Afghan election frontrunner Abdullah Abdullah has received a major boost to his presidential campaign, with Zalmai Rassoul, a close ally of the current leader, endorsing him after withdrawing from the race.
Rassoul was seen as the favoured candidate of outgoing President Hamid Karzai, and his support for Abdullah could be decisive in deal-making to choose Afghanistan's next leader as US-led troops withdraw from the country.
Rassoul's own bid to become president gained little momentum and he came third with just 11.5 percent in the first round of voting, but he remains an influential power-broker.
"I ask the people for the sake of national unity and political stability to vote for Doctor Abdullah, so that we win the election," Rassoul, who resigned as foreign minister to run in the election, told a news conference in Kabul on Sunday, the AFP news agency reported.

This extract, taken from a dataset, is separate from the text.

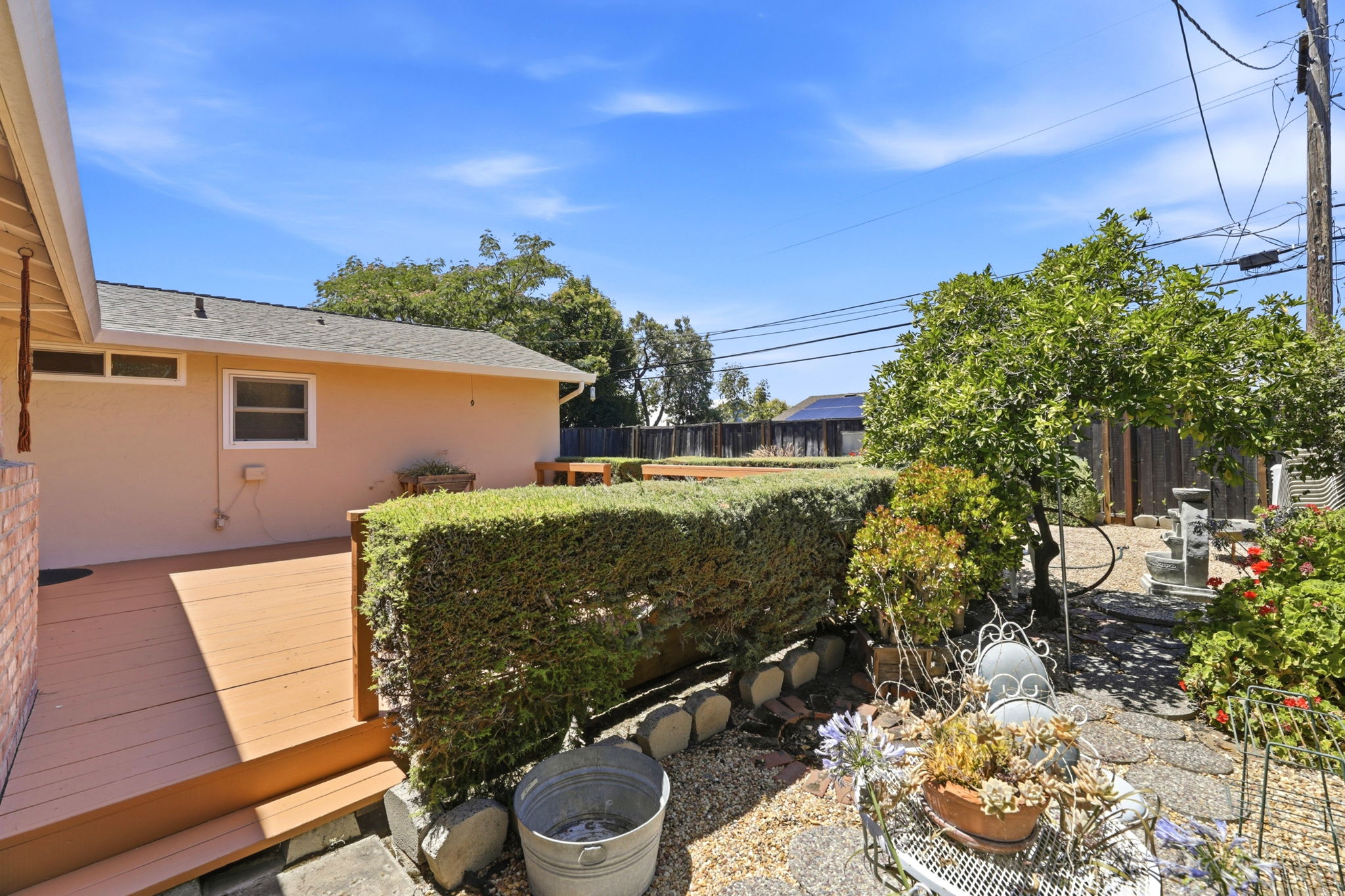033_F8_1415 Santa Fe Dr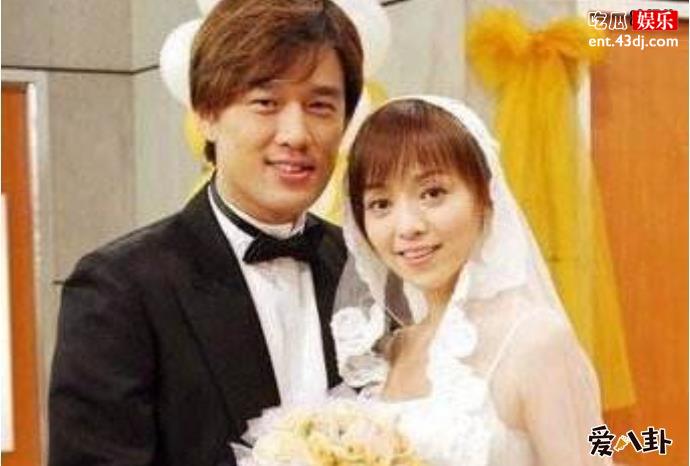 王耀庆与老婆结婚照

He said his support could be a "balance maker" in the run-off election due next month.
Al Jazeera's Imtiaz Tyab, reporting from Kabul, said: "Abdullah is a very happy man. If a runoff is called, he is going to need those suppporters who backed Rassoul."

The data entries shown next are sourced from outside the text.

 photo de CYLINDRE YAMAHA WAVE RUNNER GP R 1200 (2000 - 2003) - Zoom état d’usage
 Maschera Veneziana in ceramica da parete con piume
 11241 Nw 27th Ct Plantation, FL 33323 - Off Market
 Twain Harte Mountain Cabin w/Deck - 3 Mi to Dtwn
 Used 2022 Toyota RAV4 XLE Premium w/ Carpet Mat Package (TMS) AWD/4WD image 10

Tyab said the move could see Rassoul securing a position in the next cabinet.
The second-round vote will pit Abdullah against former World Bank economist Ashraf Ghani in a head-to-head battle, after the two came first and second in the eight-man election on April 5.
Neither candidate secured the 50 percent needed for outright victory. Abdullah garnered 44.9 percent and Ghani received 31.5 percent, according to preliminary results.
The official final first-round result will be announced on Wednesday after weeks of adjudication over fraud complaints.
The 2009 election, when Karzai retained power after defeating Abdullah, was marred by massive fraud in a chaotic process that shook the multinational effort to develop the country after the ousting of the Taliban in 2001.
The eventual winner will lead Afghanistan into a new era as US-led NATO combat troops end their 13-year operation in the country.
The first-round election was hailed as a success by Afghan officials and foreign allies, with turnout far better than in 2009, and the Taliban failing to launch a major attack despite threats to disrupt the vote.
A run-off vote in June - at the height of the traditional "fighting season" - could be more difficult for Afghanistan's stretched security forces to guard.
Another election could be avoided by negotiations in the coming weeks, but both Abdullah and Ghani have dismissed talk of a power-sharing deal.
Karzai, who is constitutionally barred from a third term in office, stayed publicly neutral in the election.
But diplomats in Kabul said Rassoul had received discreet backing from the president in the early stages of the campaign.